Women could ride horseback — sidesaddle. But riding a bike required straddling the seat. In a long skirt? With petticoats? “Some friends and I were riding one day against a very heavy wind,” one woman wrote, “when it caught my skirt and wound it around my pedal, throwing me. The rapid gait I was going caused the force of the fall to break my arm. It laid me up six weeks.”
The answer was a garment decades old but shunned by (ahem!) proper women. Suffragette Amelia Bloomer might wear these baggy pantaloons, but no self-respecting woman would. Until bicycles came along.
As sales of bikes and bloomers soared, women rode free! Free from husbands, housework, drudgery. It was wonderful, so wonderful that it had to be stopped. Nebraska’s Women’s Rescue League complained that bicycles led women “headlong into the devil.” Congress should pass a law! More than one divorce was blamed on a wife who “spent nearly all her time riding on her wheel.” Yet women fought back.
Bloomers and bikes, one wrote, simply show “that women have legs like any one else, and that they are made for use.” The bicycle, she added, “marks the beginning of a new era.”
In 1896, Margaret DeLong biked from Chicago to San Francisco — alone (carrying a pistol).

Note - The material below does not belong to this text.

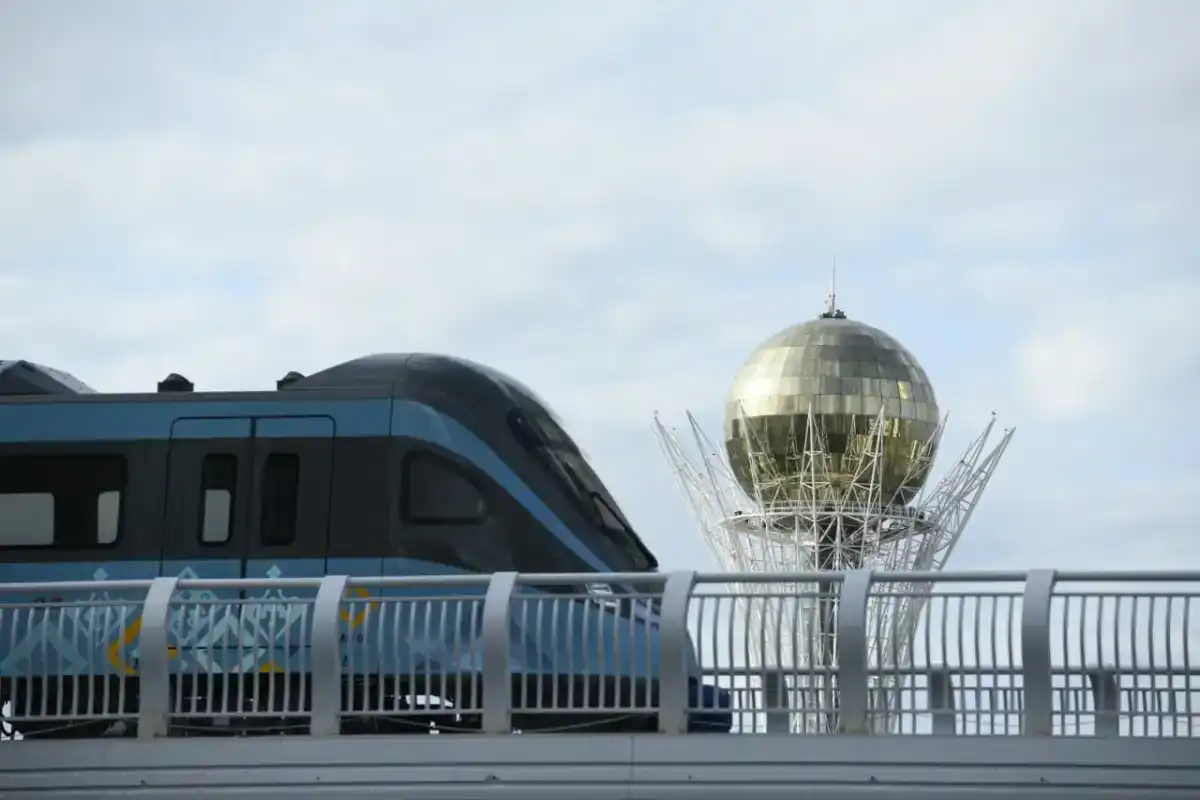 Токаев поддержал планы по расширению сети LRT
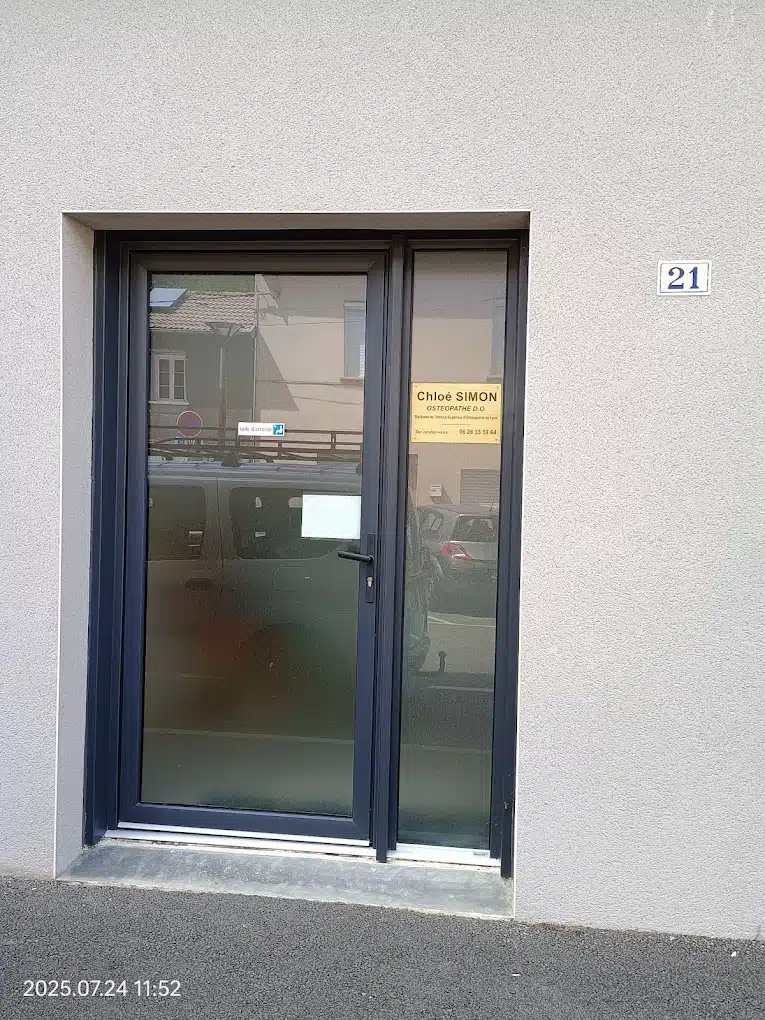 Photo numéro 1 de la galerie de Chloé Simon : Ostéopathe à Ruy-Montceau. Prendre RDV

But further jeremiads followed: “Have we not sexual troubles enough on our hands without opening Pandora’s Box and hauling out a bike?”
Still the craze continued. Back in 1890, America had 80,000 bikes. Six years later, the number topped a million, “Everything is bicycle,” author Stephen Crane noted. As bicycles bloomed, business suffered. Cigar makers, saloons, shoe salesmen, all saw sales slump. “There is nothing in my business any longer,” a Manhattan barber complained. “The bicycle has ruined it.”
The boom finally went bust as a new century approached. Someone figured out how to motorize a bicycle, making 10 m.p.h. seem slow. Automobiles were in the making. Bike companies, having overproduced, went bankrupt, but the legacy lived on.
No, bicycles did not “lead to sterility in the male.” They did not give women “bicycle face,” nor did they “annihilate the reading habit.” (Blame TV and smart phones for that.) But having opened a new world for “bicycle girls,” the simple two-wheeler sowed seeds of liberation.
Said suffragette Susan B. Anthony, “The bicycle has done more for the emancipation of women than anything else in the world.” Ride on!